Severed
1916, la campagne américaine profonde. Jack l’orphelin décide de fausser compagnie à sa mère adoptive pour tenter de retrouver son père, violoniste à succès à Chicago. Lui-même joue du violon, ce qui lui permettra d’empocher quelques sous lors de son errance. Mais de trains de marchandises en hôtels miteux, de halls de gare en impasses glauques, le danger est partout. Et quand il prend la forme d’un gentil monsieur qui se révèle être un tortionnaire cannibale, le voyage devient le pire des cauchemars.

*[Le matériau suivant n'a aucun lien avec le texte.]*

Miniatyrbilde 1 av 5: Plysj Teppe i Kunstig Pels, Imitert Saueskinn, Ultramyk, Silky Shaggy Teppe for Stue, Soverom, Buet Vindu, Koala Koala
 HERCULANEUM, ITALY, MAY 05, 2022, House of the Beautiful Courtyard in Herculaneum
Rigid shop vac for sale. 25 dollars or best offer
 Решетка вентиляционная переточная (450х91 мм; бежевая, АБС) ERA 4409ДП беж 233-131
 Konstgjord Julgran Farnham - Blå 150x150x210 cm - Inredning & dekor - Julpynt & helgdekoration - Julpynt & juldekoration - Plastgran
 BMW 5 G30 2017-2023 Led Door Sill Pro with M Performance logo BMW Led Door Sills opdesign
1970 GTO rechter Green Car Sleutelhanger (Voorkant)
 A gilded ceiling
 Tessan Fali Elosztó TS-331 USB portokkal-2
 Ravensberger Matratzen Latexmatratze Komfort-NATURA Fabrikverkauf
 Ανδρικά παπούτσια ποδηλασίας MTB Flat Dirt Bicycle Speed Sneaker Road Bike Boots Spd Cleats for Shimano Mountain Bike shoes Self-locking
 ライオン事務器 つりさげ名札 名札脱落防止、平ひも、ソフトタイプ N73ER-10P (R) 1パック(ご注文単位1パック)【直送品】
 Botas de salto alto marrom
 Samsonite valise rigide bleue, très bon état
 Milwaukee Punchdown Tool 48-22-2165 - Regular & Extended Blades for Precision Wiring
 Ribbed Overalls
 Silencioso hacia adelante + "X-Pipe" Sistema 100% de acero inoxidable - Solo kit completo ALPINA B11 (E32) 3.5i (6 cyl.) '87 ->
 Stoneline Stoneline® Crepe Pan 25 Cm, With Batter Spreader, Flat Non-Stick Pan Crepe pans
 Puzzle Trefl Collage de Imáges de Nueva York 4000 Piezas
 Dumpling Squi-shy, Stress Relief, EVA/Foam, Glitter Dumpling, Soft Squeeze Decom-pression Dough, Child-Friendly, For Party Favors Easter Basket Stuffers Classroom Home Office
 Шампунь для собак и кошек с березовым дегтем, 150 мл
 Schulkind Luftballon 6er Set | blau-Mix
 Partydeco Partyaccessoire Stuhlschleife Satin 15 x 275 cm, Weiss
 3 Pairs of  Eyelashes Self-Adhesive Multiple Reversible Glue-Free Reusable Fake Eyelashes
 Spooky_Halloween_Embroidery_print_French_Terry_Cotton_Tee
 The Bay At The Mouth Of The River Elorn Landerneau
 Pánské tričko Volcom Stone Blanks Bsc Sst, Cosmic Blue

Voilà certainement une des bandes dessinées d’horreur les plus réussies de ces dernières années. Au scénario, Scott Snyder (American Vampire, Batman – La Cour des hiboux, Swamp Thing) et Scott Tuft (plutôt scénariste télé) revisitent le mythe de l’ogre, ainsi que l’imagerie américaine de « la route ». On est ainsi plongé dans une vision du Nouveau Monde pré-crise de 1929, très typique, avec ses villes industrielles en pleine expansion, sa campagne interminable, ses déshérités en pagaille et sa philosophie du « tout est possible ». Dans ce décor familier, les deux auteurs mettent en scène deux personnages forts, un garçon plein d’espoir et d’enthousiasme, mais pas angélique; et un homme mûr à l’apparence paternelle, qui est en réalité une véritable incarnation du Mal. Le suspense ne réside pas dans l’identité du méchant – on la connaît dès le début et on sait de quoi il est capable. Non, l’effroi est dans la confrontation entre les deux protagonistes, le piège ne se refermant que petit à petit sur un jeune Jack qui ne se doute de rien… Moments de tension intense alternent avec belles séquences pleines d’humanité – voire de tendresse avec la figure de Sam, gamine des rues déguisée en garçon –, jusqu’à l’explosion gore finale d’une rare puissance. Véritables alchimistes du suspense et de l’émotion forte, Snyder et Tuft font de chaque page un instant de terreur, insufflent un rythme parfait entre l’attente et le sursaut. Et leur travail est magnifié par le dessin léché et expressionniste d’Attila Futaki (Spiral, Percy Jackson..), qui joue des grandes cases comme un maître illustrateur, et des découpages acérés avec la précision d’un chirurgien. Les amateurs de récits horrifiques trouveront donc dans Severed de quoi les rassasier pendant un bon moment, et avec l’épilogue (jouissif) des raisons de ne pas fermer l’oeil de la nuit.